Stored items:
──────
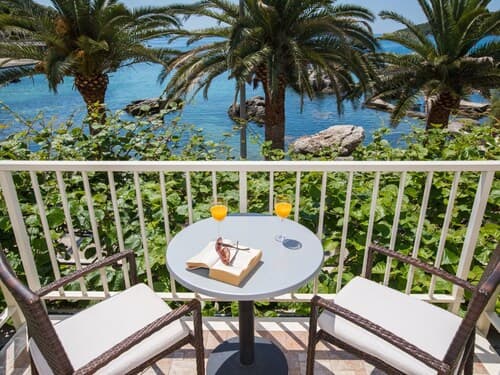 Apartments Vidak - One Bedroom Apartment With Balcony and Sea View -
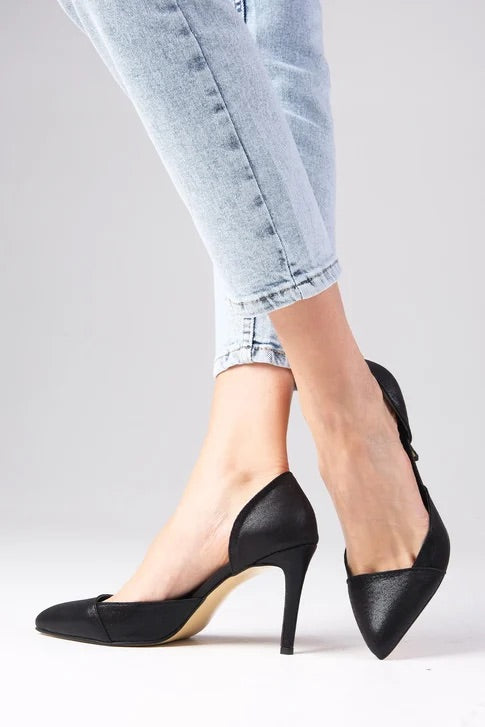 حذاء نسائي بكعب أسود اللون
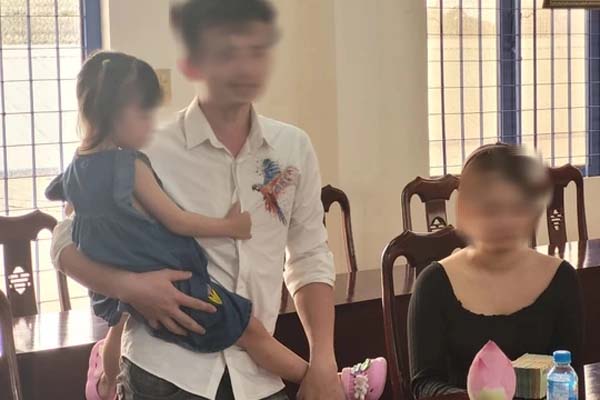 Kẻ bắt cóc bé gái 3 tuổi ở Long An đã dùng gần một tỷ đồng tiền chuộc vào việc gì?-3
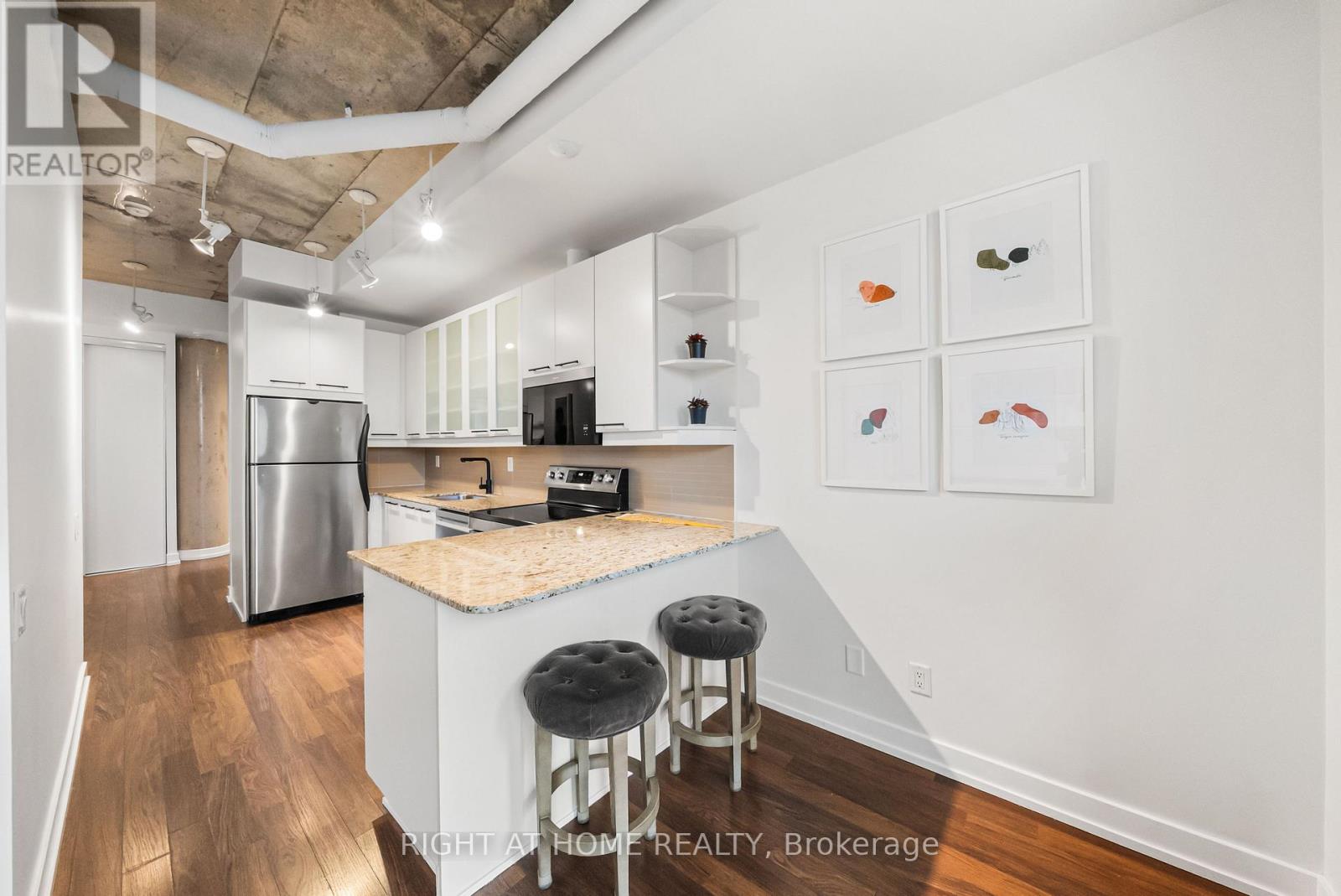 807 - 66 Portland Street, Toronto, Ontario  M5V 2M6 - Photo 6 - C13241656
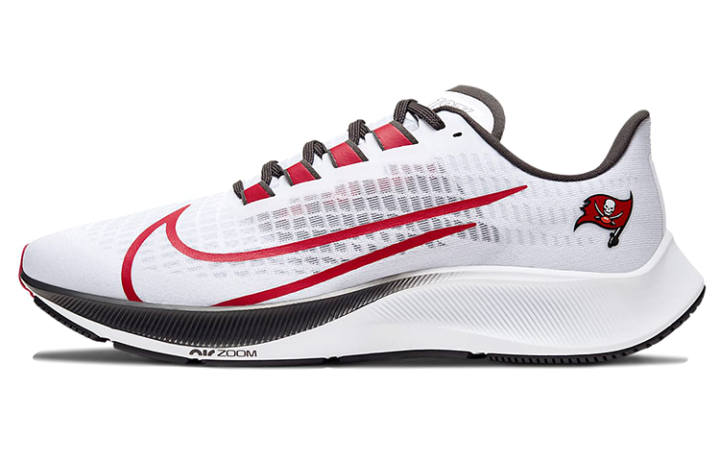 Nike Nike Air Zoom Pegasus 37 Tampa Bay Buccaneers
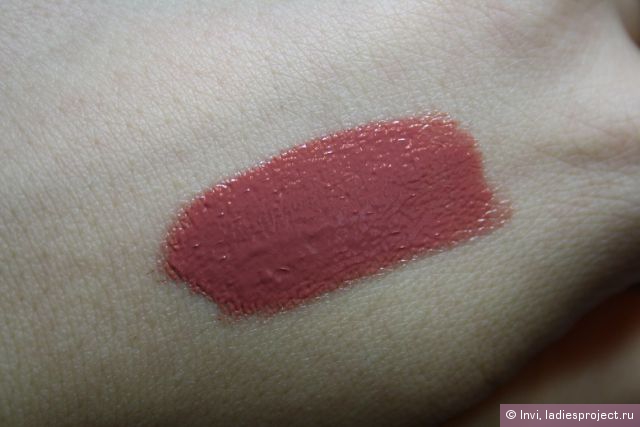 Лаковая губная помада Lacquer Rouge (оттенок RD203) от Shiseido фото 4 Лаковая губная помада Lacquer Rouge (оттенок RD203) от Shiseido фото 4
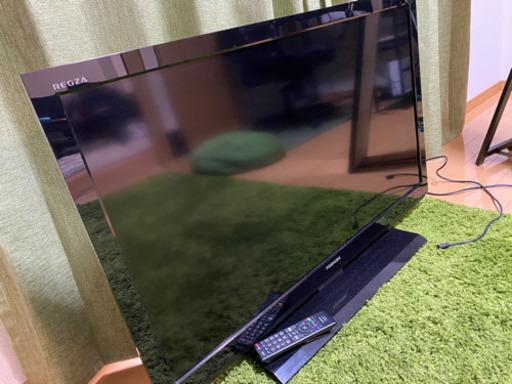 TOSHIBA 40a2 液晶TV 良品　12000円　リモコン、TVケーブル付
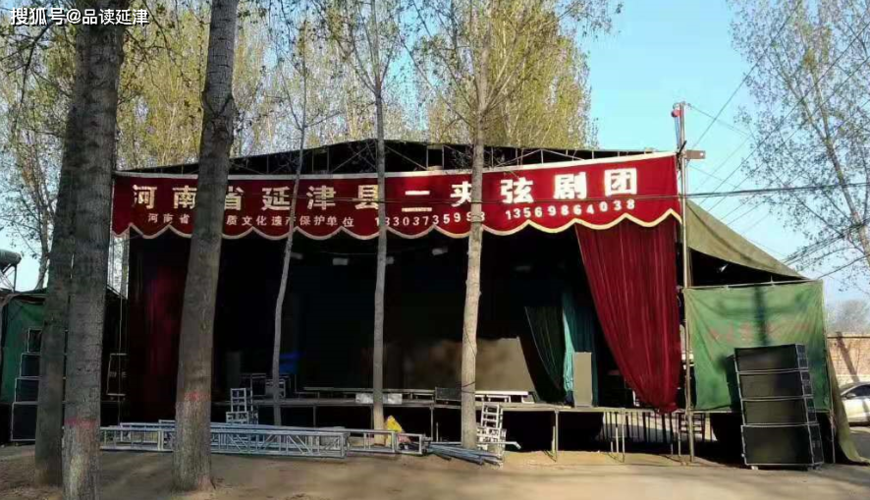 八十年代时期,村子里最隆重的活动就是唱戏了,一般在一年一度的会上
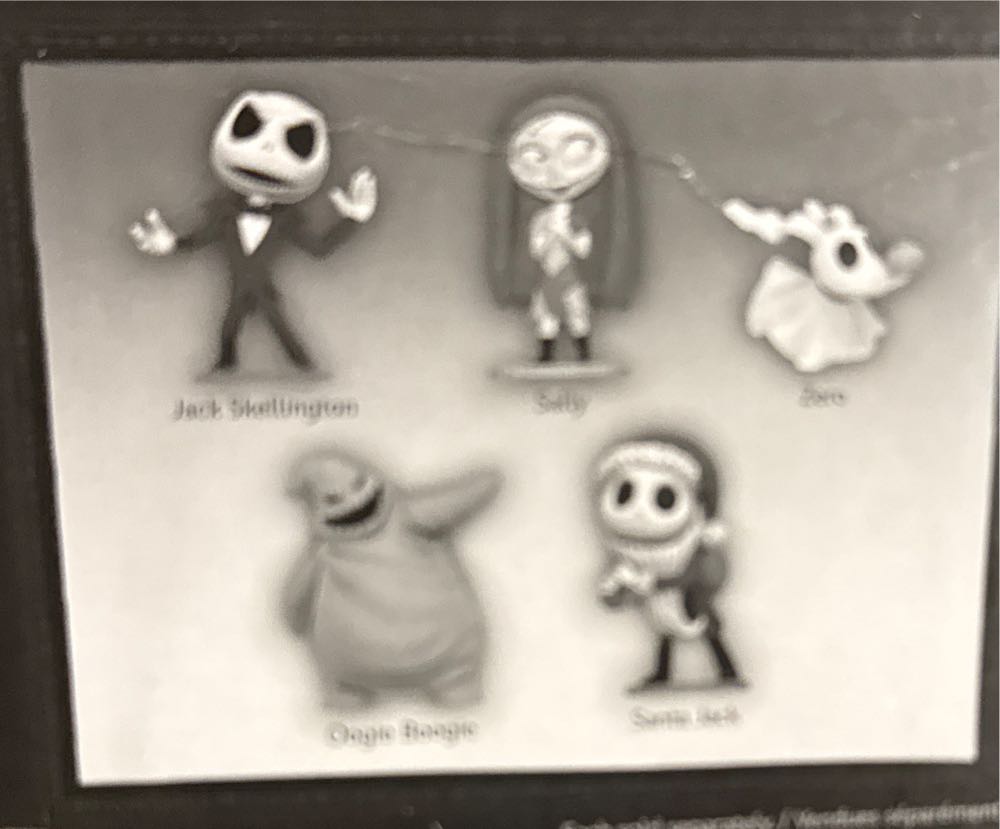 Sally - A Nightmare Before Christmas  vinyl figure collectible [Barcode 886144178047] - Main Image 2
──────
Problem: Retype exactly the lines from the line containing "807 - 66 Portland" through the end of the entries above, including both ends, and leave every picture out.

Reply to the task:
 807 - 66 Portland Street, Toronto, Ontario  M5V 2M6 - Photo 6 - C13241656
 Nike Nike Air Zoom Pegasus 37 Tampa Bay Buccaneers
 Лаковая губная помада Lacquer Rouge (оттенок RD203) от Shiseido фото 4 Лаковая губная помада Lacquer Rouge (оттенок RD203) от Shiseido фото 4
 TOSHIBA 40a2 液晶TV 良品　12000円　リモコン、TVケーブル付
 八十年代时期,村子里最隆重的活动就是唱戏了,一般在一年一度的会上
 Sally - A Nightmare Before Christmas  vinyl figure collectible [Barcode 886144178047] - Main Image 2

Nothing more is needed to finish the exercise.